How a smartphone app is helping Papua New Guineans put water, sanitation and hygiene on the map

5 min read
PNG water
Image: WaterAid/Saskia van Zanen

In countries where water and toilet access is limited, how does a government decide on the most important place to work? Take a country like Papua New Guinea, for instance, where over 63% of the population doesn’t have access to at least basic water services. The work that needs to be done is vast, so where do you start?

In Papua New Guinea, specifically, politics and culture can play a big role in these decisions. It’s not unusual for government officials to preference one region over another, possibly because of a familial or communal connection or because that’s where the lobbying is coming from.

What’s needed in such situations is a circuit breaker, and that’s where good data fits in. If a government and its officials definitively know which parts of the country are better or worse off than others, it also has the power to make better decisions and use data to drive evidence-based planning to benefit its citizens.

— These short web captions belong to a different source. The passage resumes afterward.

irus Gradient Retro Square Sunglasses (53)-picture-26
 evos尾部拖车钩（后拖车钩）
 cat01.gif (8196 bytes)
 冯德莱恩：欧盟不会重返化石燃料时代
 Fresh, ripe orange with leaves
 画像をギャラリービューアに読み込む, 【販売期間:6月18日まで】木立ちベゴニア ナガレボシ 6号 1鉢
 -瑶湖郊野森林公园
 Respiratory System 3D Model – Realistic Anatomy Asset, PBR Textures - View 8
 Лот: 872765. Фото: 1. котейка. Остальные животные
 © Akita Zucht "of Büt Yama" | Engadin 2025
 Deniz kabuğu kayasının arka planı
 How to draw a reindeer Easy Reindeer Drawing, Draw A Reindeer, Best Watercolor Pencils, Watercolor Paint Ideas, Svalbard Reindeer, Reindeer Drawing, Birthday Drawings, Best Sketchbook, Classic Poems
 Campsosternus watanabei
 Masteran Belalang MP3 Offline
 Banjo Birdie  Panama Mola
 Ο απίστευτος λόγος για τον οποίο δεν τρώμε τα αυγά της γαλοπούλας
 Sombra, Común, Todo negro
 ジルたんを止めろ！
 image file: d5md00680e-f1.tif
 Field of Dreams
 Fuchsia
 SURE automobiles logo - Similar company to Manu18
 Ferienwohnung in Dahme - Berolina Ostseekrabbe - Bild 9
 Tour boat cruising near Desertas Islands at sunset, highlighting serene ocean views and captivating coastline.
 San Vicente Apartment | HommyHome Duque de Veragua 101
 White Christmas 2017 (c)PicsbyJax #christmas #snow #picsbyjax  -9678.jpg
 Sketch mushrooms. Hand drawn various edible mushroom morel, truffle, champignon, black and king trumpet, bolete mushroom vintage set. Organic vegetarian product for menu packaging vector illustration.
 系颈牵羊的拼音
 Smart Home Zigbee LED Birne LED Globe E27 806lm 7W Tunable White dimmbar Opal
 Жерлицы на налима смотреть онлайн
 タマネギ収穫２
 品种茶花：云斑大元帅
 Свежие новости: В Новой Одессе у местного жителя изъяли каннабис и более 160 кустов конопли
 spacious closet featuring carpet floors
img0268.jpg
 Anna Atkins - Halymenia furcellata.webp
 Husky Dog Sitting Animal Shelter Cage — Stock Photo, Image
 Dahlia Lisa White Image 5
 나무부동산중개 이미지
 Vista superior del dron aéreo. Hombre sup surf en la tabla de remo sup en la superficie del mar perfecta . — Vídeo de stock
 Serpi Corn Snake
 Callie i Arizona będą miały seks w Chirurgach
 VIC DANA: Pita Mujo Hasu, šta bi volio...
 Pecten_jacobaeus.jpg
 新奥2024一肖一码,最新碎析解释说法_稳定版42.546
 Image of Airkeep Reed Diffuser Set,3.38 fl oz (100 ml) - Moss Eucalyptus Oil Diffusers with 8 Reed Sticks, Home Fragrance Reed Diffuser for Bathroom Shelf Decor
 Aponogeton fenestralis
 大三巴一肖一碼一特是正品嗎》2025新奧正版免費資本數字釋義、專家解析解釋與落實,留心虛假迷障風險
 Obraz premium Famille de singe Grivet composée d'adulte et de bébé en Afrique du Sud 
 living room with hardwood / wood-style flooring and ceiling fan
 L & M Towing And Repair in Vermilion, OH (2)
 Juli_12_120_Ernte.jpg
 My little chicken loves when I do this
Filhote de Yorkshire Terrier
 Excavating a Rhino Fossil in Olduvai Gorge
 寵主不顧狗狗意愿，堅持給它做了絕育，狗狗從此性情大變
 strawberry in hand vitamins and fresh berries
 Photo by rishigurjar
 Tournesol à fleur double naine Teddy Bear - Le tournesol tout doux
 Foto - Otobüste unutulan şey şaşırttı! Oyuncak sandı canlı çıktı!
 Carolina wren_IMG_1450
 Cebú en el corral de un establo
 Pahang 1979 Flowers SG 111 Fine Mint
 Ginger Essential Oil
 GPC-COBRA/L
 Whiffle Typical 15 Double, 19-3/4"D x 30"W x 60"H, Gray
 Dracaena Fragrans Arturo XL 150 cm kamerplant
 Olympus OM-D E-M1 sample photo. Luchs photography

This is where WaterAid Australia fits in. As part of our five-year Water for Women-funded program (supported by Australian Aid), WaterAid has been training government officials in the Wewak district of Papua New Guinea to help them collect baseline data on water, sanitation and hygiene services within the communities for which they are responsible. The availability of quality and timely data will equip service providers and non-government organisations to make more informed decisions on where to prioritise work, something that will benefit the district’s most vulnerable people and those living in remote locations. In the long-term, this work strengthening data-driven governance and planning processes will improve the lives of roughly 107,000 people living in rural and urban areas of Wewak District.

PNG Water
Image: WaterAid/Saskia van Zanen

“Currently there’s no data,” WaterAid Australia Technical Lead on WASH Monitoring Tim Davis explained a few weeks before commencing this work in Wewak. “When officials pull out a map of Wewak district, they can’t point and say ‘these communities have access to services and these ones don’t’.”

Not only will this baseline work provide government with water, sanitation and hygiene data on the 366 villages that make up Wewak, but it will also give them a greater insight into the environmental challenges that different communities face. “Some areas have roads, some don’t; some are only accessible by boat and then a long journey by foot; some communities have access to electricity; some have access to healthcare; some places you have to walk for days to get to school,” Davis explained. “There are varying degrees of challenges that this data will bring to light.”

WaterAid’s training with district and local government officials starts with a mobile phone app called mWater. Using this software, it’s easy to conduct surveys with local communities, collecting information on access to services, such as the main source of drinking water, the number of people with access to water and sanitation services, and the proximity to schools and healthcare facilities. Once this data is logged, it is automatically transferred to a database and interactive map, used by government and WaterAid to prioritise areas of work.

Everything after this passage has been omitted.